» Goal of the exercise: Of all the lines in the entries below, give again exactly those starting at the line containing "7 Noites de_Terr0r" and ending at the line containing "Sabi Guest House", both ends included, and no others.

[Caption-style text data]

=-=-=-=-=

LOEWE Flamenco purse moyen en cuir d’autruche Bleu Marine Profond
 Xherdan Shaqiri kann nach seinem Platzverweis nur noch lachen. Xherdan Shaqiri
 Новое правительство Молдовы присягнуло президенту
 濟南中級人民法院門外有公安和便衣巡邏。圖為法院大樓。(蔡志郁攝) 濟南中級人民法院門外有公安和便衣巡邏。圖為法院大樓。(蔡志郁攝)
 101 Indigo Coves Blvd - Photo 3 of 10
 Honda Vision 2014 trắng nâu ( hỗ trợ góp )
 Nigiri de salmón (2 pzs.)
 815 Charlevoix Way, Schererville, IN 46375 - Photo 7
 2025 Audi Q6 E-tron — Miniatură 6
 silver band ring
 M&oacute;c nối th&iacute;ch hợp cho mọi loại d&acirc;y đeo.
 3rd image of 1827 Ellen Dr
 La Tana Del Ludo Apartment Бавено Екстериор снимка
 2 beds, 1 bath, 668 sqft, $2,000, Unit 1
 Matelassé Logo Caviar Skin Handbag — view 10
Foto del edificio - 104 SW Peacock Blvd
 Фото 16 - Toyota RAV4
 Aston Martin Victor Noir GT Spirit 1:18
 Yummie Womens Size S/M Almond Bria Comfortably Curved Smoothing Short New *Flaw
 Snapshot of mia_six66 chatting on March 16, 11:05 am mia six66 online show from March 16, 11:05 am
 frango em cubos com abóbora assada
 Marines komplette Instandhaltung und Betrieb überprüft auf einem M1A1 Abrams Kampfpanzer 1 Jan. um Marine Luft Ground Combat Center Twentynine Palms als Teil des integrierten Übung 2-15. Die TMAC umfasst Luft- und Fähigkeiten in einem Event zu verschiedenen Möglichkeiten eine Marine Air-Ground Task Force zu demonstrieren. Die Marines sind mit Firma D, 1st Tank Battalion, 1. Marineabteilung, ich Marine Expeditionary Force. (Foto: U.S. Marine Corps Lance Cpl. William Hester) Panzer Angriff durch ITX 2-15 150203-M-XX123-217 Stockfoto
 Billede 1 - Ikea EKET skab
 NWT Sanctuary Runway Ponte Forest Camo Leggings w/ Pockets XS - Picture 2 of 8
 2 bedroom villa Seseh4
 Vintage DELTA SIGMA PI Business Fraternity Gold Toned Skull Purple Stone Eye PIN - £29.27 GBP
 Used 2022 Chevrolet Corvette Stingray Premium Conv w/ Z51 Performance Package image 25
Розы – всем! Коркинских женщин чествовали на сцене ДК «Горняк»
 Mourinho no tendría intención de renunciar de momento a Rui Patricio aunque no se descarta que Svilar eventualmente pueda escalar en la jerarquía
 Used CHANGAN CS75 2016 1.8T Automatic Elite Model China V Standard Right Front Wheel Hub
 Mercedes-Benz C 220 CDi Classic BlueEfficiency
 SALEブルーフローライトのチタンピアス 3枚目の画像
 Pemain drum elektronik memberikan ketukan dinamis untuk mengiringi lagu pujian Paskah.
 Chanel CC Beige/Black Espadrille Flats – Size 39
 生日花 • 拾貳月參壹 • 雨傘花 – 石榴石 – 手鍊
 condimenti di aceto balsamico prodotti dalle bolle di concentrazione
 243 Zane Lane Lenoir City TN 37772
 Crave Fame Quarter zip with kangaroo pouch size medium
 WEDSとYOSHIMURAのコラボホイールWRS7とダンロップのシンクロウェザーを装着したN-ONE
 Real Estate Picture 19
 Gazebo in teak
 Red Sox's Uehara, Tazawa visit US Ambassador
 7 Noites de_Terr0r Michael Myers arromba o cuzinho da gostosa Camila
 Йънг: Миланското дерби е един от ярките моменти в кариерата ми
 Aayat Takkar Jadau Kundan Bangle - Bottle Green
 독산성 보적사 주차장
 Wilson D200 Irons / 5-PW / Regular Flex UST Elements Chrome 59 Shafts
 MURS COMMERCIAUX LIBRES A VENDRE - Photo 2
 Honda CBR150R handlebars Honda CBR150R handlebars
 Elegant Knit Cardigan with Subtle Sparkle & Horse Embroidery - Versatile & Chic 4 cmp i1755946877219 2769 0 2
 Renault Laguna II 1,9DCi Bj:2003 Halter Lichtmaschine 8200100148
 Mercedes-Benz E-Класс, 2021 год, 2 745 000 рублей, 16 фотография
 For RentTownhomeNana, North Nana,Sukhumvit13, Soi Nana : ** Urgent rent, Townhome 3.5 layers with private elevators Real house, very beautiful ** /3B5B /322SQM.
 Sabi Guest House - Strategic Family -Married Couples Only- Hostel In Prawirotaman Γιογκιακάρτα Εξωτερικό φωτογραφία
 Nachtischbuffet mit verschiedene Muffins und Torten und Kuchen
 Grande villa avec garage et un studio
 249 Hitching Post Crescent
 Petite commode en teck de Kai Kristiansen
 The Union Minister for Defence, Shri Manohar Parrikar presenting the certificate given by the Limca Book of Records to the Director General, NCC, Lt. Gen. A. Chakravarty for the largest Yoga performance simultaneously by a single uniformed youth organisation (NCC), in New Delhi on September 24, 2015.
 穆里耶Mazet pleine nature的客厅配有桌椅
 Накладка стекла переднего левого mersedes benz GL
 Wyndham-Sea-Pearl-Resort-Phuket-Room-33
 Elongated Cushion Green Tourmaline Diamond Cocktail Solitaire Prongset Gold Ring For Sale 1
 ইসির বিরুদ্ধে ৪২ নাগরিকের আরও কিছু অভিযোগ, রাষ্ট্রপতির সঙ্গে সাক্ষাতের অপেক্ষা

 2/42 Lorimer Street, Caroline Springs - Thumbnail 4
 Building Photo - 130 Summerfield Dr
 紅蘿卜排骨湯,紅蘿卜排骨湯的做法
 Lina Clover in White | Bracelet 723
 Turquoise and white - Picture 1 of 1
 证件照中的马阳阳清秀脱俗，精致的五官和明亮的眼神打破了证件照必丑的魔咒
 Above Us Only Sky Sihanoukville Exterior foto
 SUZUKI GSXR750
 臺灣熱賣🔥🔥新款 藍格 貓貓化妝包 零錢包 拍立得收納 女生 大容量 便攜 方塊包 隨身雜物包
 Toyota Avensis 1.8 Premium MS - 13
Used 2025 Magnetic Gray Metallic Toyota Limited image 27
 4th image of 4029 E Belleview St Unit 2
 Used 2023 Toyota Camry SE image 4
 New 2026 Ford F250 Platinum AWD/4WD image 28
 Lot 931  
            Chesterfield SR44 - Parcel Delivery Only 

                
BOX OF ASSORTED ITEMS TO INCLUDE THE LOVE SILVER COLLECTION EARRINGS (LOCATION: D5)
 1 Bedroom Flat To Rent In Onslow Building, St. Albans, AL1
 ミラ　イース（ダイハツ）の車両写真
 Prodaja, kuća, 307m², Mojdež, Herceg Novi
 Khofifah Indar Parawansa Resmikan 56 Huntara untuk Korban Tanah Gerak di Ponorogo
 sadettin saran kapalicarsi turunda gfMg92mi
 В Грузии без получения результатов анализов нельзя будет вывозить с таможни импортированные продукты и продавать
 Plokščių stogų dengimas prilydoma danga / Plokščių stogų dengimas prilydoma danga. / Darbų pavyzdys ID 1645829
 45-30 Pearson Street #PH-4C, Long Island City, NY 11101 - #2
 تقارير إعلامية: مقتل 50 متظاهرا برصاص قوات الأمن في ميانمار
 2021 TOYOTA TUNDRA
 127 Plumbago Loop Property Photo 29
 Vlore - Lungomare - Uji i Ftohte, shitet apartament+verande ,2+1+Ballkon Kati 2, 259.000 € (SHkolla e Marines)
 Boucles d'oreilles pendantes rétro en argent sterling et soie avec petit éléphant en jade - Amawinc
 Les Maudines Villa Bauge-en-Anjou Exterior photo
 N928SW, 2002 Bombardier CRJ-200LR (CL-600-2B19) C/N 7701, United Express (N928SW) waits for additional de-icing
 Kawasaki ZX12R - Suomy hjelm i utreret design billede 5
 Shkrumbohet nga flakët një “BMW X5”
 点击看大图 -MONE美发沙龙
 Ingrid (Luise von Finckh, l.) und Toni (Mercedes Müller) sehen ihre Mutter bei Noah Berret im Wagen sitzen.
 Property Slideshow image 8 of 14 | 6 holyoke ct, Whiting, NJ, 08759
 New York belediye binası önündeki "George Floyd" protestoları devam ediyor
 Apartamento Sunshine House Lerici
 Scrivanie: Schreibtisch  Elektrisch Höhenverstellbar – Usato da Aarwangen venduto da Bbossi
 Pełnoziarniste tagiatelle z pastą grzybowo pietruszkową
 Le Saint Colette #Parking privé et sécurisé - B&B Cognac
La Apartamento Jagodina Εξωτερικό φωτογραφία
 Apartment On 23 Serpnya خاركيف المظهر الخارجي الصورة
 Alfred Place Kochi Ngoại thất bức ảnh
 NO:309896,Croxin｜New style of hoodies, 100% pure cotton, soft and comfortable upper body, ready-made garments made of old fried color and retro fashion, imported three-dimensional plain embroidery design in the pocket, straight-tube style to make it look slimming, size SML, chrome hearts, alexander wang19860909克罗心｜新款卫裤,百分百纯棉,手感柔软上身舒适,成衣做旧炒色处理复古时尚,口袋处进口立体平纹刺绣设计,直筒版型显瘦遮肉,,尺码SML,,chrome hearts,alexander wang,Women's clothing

=-=-=-=-=

» Written answer:
 7 Noites de_Terr0r Michael Myers arromba o cuzinho da gostosa Camila
 Йънг: Миланското дерби е един от ярките моменти в кариерата ми
 Aayat Takkar Jadau Kundan Bangle - Bottle Green
 독산성 보적사 주차장
 Wilson D200 Irons / 5-PW / Regular Flex UST Elements Chrome 59 Shafts
 MURS COMMERCIAUX LIBRES A VENDRE - Photo 2
 Honda CBR150R handlebars Honda CBR150R handlebars
 Elegant Knit Cardigan with Subtle Sparkle & Horse Embroidery - Versatile & Chic 4 cmp i1755946877219 2769 0 2
 Renault Laguna II 1,9DCi Bj:2003 Halter Lichtmaschine 8200100148
 Mercedes-Benz E-Класс, 2021 год, 2 745 000 рублей, 16 фотография
 For RentTownhomeNana, North Nana,Sukhumvit13, Soi Nana : ** Urgent rent, Townhome 3.5 layers with private elevators Real house, very beautiful ** /3B5B /322SQM.
 Sabi Guest House - Strategic Family -Married Couples Only- Hostel In Prawirotaman Γιογκιακάρτα Εξωτερικό φωτογραφία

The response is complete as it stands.